### WORK TO BE COMPLETED
Take the listing below and print exactly the lines starting at the line containing "81 Flanders Drive Property Photo 34" and ending at the line containing "Property photo of", both ends included, and no others.

### SUPPLIED MATERIAL
------------------------------------------------------------------------
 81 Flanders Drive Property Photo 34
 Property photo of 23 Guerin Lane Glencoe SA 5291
------------------------------------------------------------------------
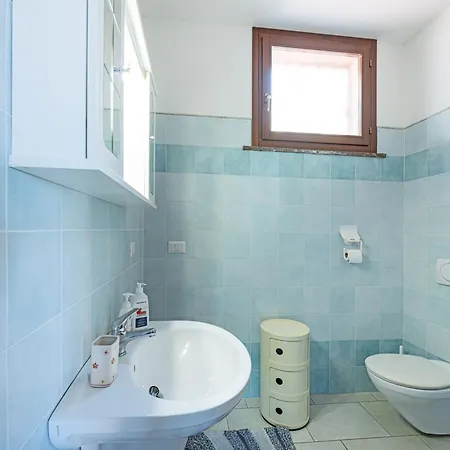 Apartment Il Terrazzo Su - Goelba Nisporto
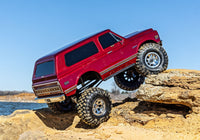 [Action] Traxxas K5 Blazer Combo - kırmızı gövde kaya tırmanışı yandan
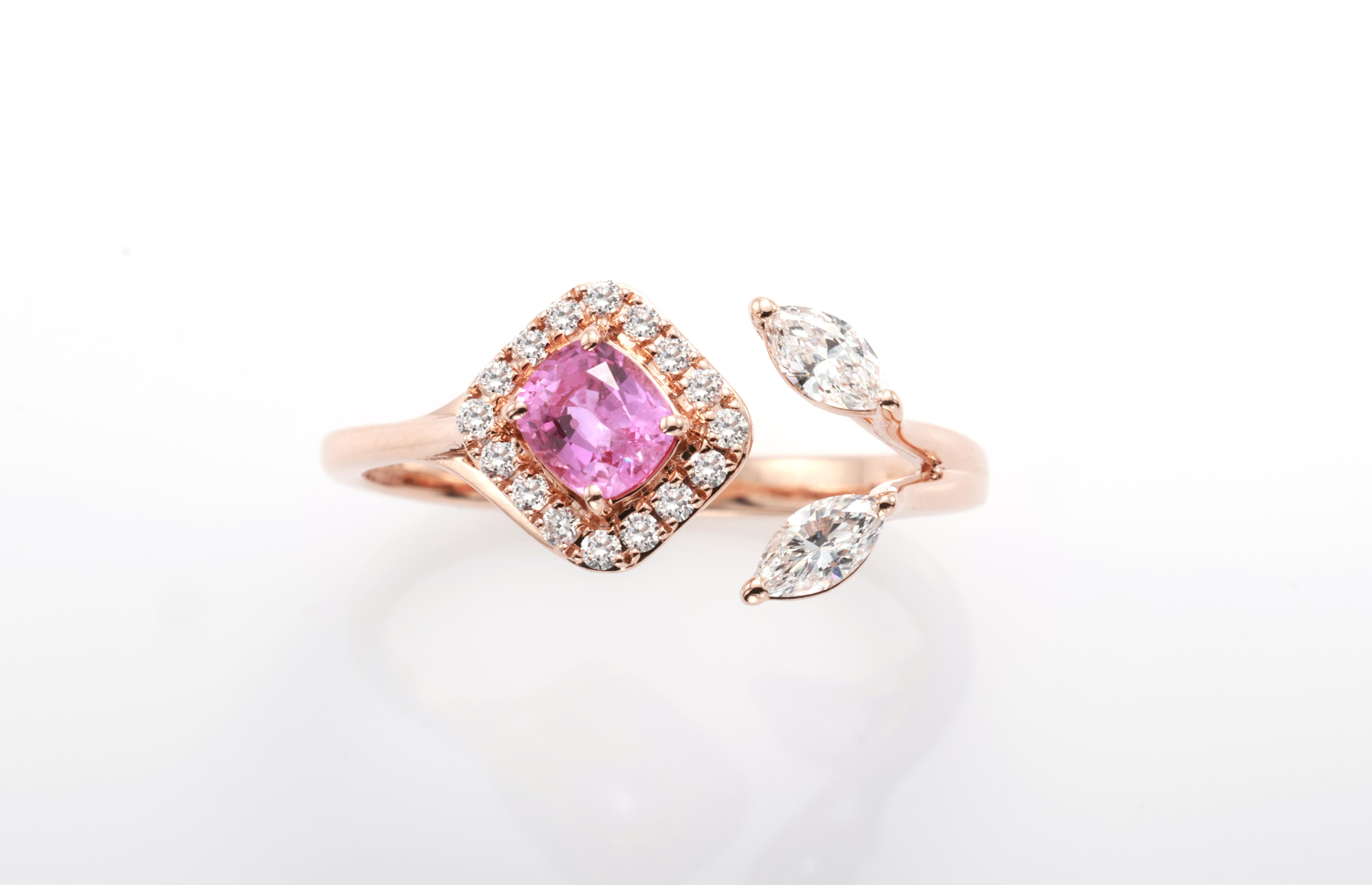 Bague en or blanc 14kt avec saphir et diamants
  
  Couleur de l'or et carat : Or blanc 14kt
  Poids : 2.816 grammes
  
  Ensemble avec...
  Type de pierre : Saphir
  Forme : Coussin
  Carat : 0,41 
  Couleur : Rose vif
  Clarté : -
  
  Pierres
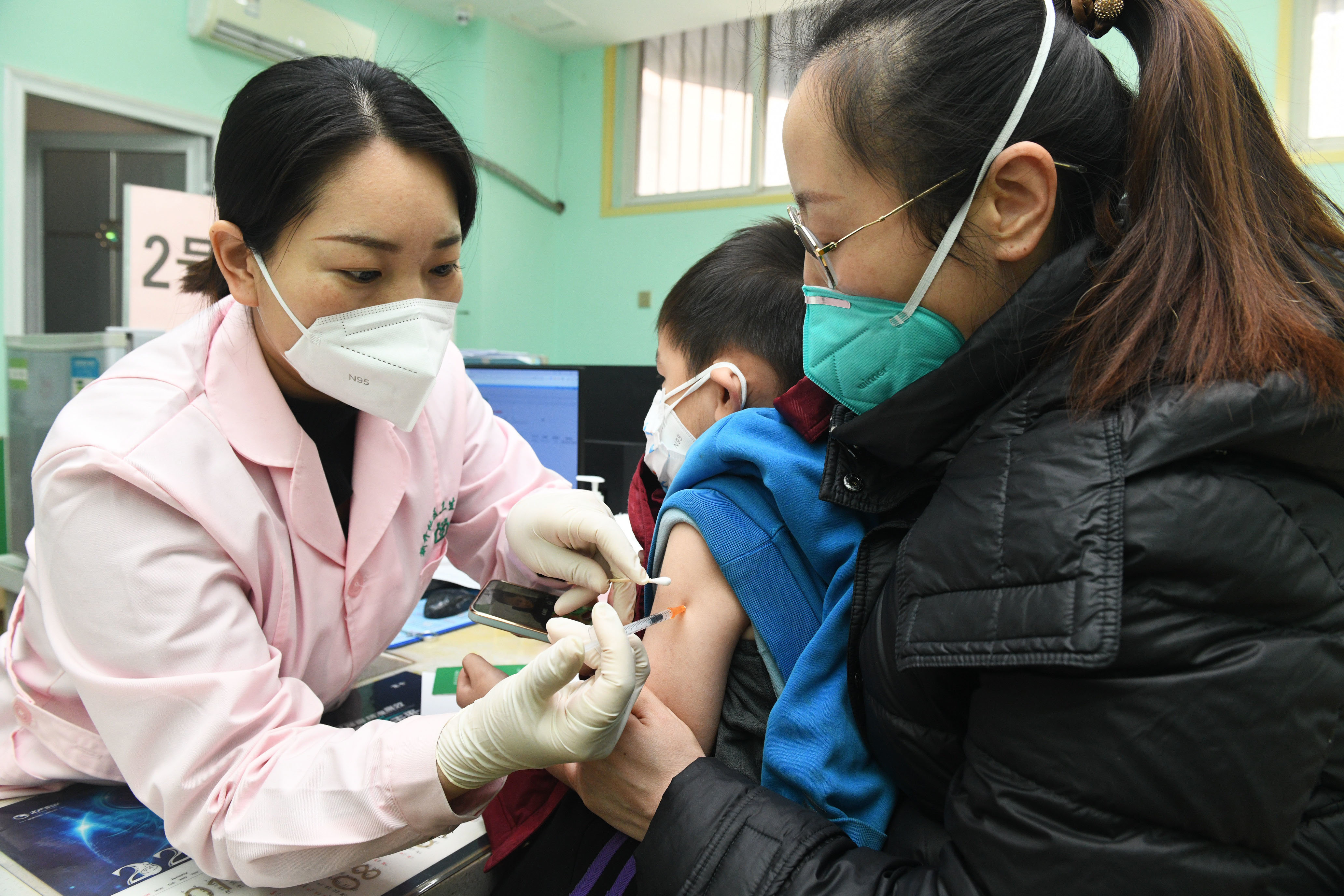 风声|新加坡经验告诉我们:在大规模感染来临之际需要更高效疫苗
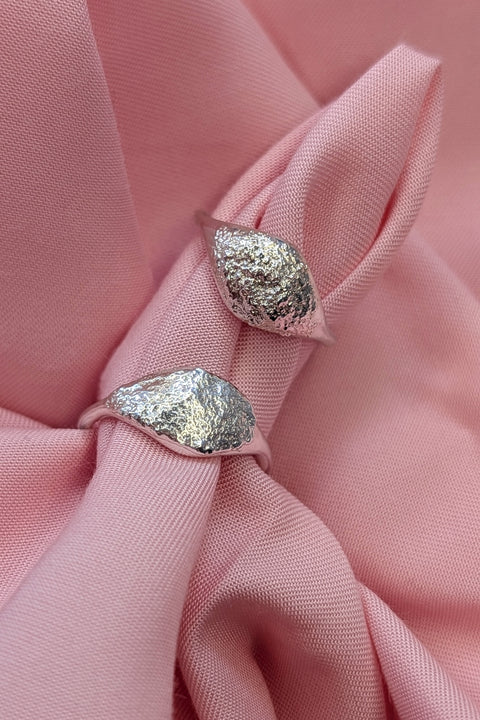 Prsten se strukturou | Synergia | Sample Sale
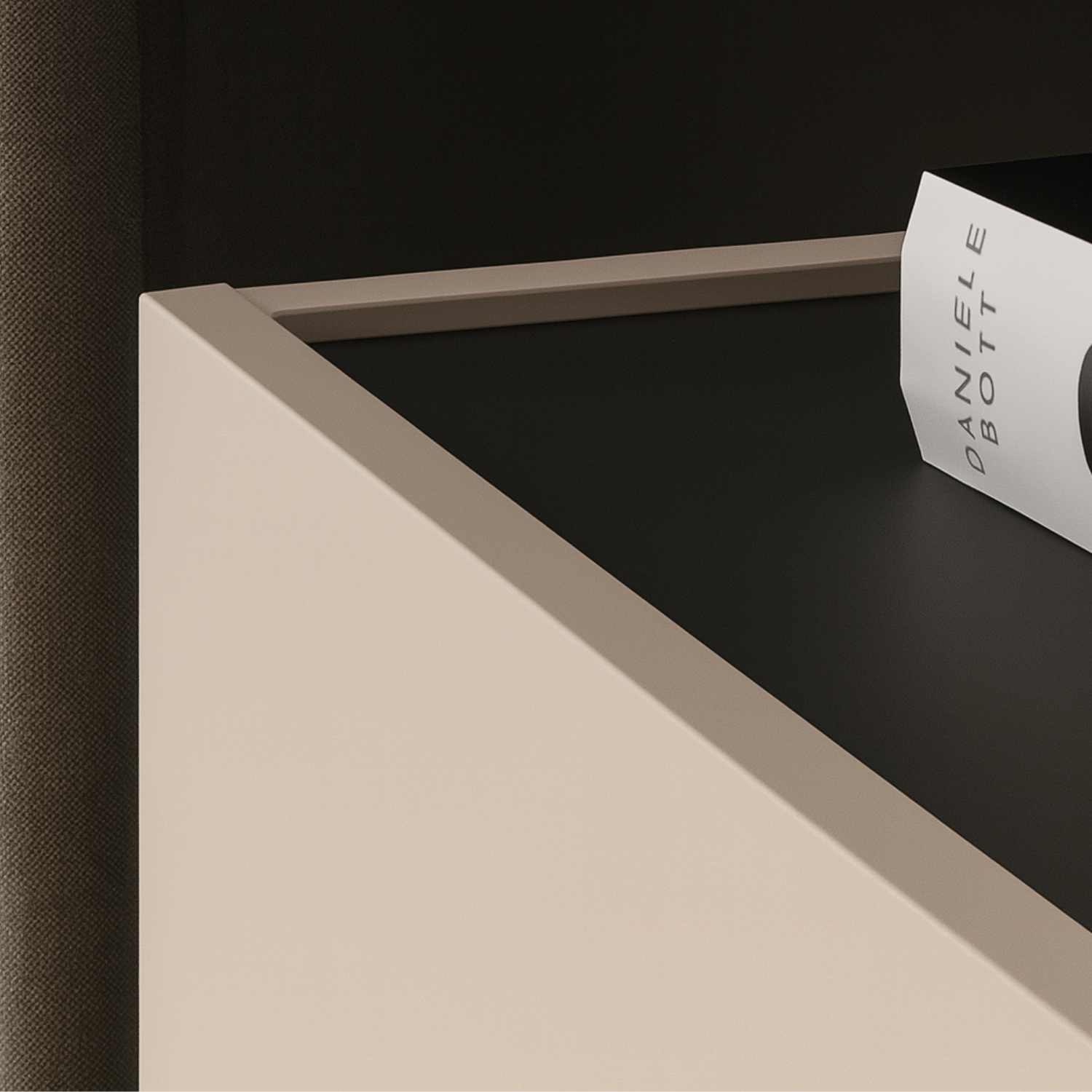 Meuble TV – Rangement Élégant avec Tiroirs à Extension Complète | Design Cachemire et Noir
------------------------------------------------------------------------
### RESPONSE TO THE EXERCISE
 81 Flanders Drive Property Photo 34
 Property photo of 23 Guerin Lane Glencoe SA 5291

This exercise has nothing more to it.